Demographic and outcomes data were collected for a series of 43 delivered patients who had undergone in utero myelomeningocele closure at the Fetal Center at Vanderbilt from March 2011 through January 2013 (the study cohort) and were compared with data for 78 patients who had undergone fetal repair as part of MOMS (the MOMS cohort). For the study cohort, no uterine trocar was used, and uterine entry, manipulation, and closure were modified to minimize separation of the amniotic membrane. Weekly ultrasound reports were obtained from primary maternal–fetal medicine providers and reviewed. A test for normality revealed that distribution for the study cohort was normal; therefore, parametric statistics were used for comparisons.

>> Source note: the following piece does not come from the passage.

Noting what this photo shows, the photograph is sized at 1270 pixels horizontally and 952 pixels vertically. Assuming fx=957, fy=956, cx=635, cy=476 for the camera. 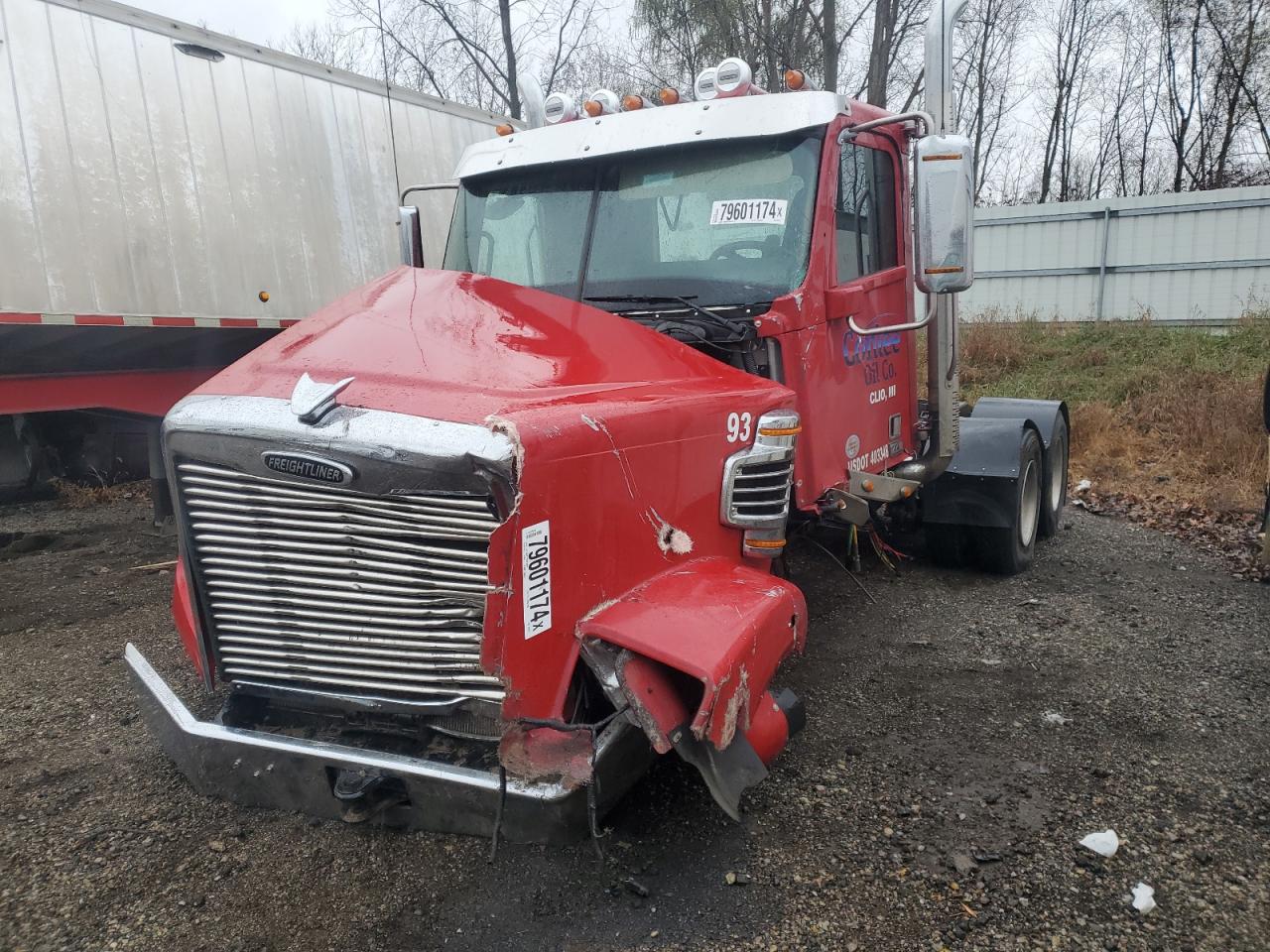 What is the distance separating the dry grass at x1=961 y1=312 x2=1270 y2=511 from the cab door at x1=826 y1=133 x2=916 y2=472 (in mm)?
4208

The incidence of premature rupture of membranes (22% vs 46%, p = 0.011) and chorioamnion separation (0% vs 26%, p < 0.001) were lower for the study cohort than for the MOMS cohort. Incidence of oligohydramnios did not differ between the cohorts. The mean (± SD) gestational age of 34.4 (± 6.6) weeks for the study cohort was similar to that for the MOMS cohort (34.1 ± 3.1 weeks). However, the proportion of infants born at term (37 weeks or greater) was significantly higher for the study cohort (16 of 41; 39%) than for the MOMS cohort (16 of 78; 21%) (p = 0.030). Compared with 10 (13%) of 78 patients in the MOMS cohort, only 2 (4%) of 41 infants in the study cohort were delivered earlier than 30 weeks of gestation (p = 0.084, approaching significance). For the study cohort, 2 fetal deaths were attributed to the intervention, and both were believed to be associated with placental disruption; one of these mothers had previously unidentified thrombophilia. Mortality rates did not statistically differ between the cohorts.
These early results suggest that careful attention to uterine entry, manipulation, and closure by the surgical team can result in a decreased rate of premature rupture of membranes and chorioamnion separation and can reduce early preterm delivery. Although these results are promising, their confirmation will require further study of a larger series of patients.